# lastest sound card drivers



## .AngelOfDeath17. (Aug 27, 2004)

how do i get the lastest sound card drivers can any one tell me plz?


----------



## nrclptcnsmniak (Aug 27, 2004)

just go to the site of the company u got it from. if not u can try driversguide.com. but be careful cuz some of the stuff they have listed might not be the right thing.  usually its easiest to look for .exe files.  the user name is "drivers" the password is "all" but u can create a new account with them if u want.  they used to have all users just sign in with that sn and pass.


----------



## daneadane (Aug 28, 2004)

what if i dont know my sound card manufactuer and if when u goto device manager under other devies there is a question mark and it says audio device but it cannot install


----------



## Praetor (Aug 28, 2004)

Then you open up the computer and look at (a) the soundcard if you have one or (b) the make of the mobo (if its onboard)


----------



## daneadane (Aug 28, 2004)

it says msi agp 8x... ok where can i get drivers?


----------



## Praetor (Aug 28, 2004)

> it says msi agp 8x... ok where can I get drivers?

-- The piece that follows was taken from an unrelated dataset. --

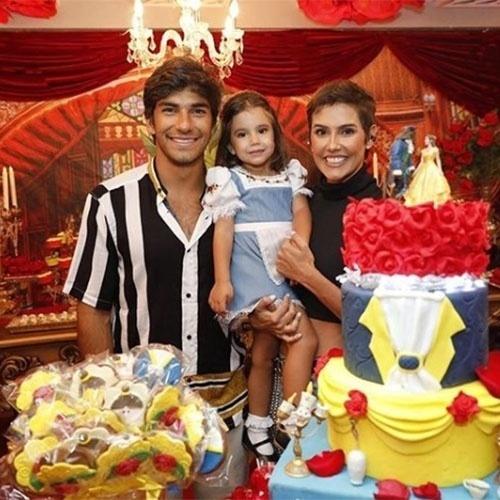 Deborah Secco e Hugo Moura comemoraram o aniversário de 3 anos da filha, Maria Flor, que estava vestida de princesa Bela, do conto "A Bela e a Fera" - Reprodução/Instagram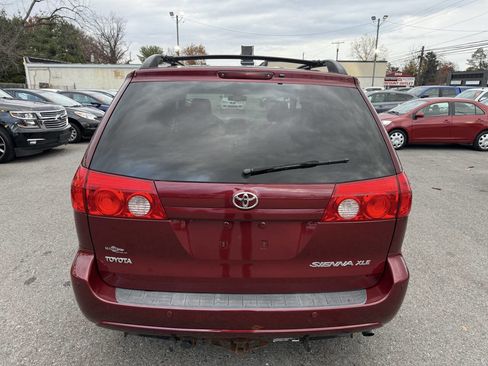 Used 2009 Toyota Sienna image 4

Maybe i wasnt explicitly clear, you need to find the make and model of the motherboard -- that is, if you have onboard sound to start with


----------



## daneadane (Aug 29, 2004)

its msi how do i find the model it says kt4v and kt400 on the box is that it?


----------



## daneadane (Aug 29, 2004)

???? anyone know????


----------



## Praetor (Aug 30, 2004)

You'll want the Realtek ALC drivers from here: http://www.msi.com.tw/program/support/driver/dvr/spt_dvr_list.php?part=1&kind=3&CHIP=3&ID=1



> ???? anyone know????


We're not here at your beck and call


----------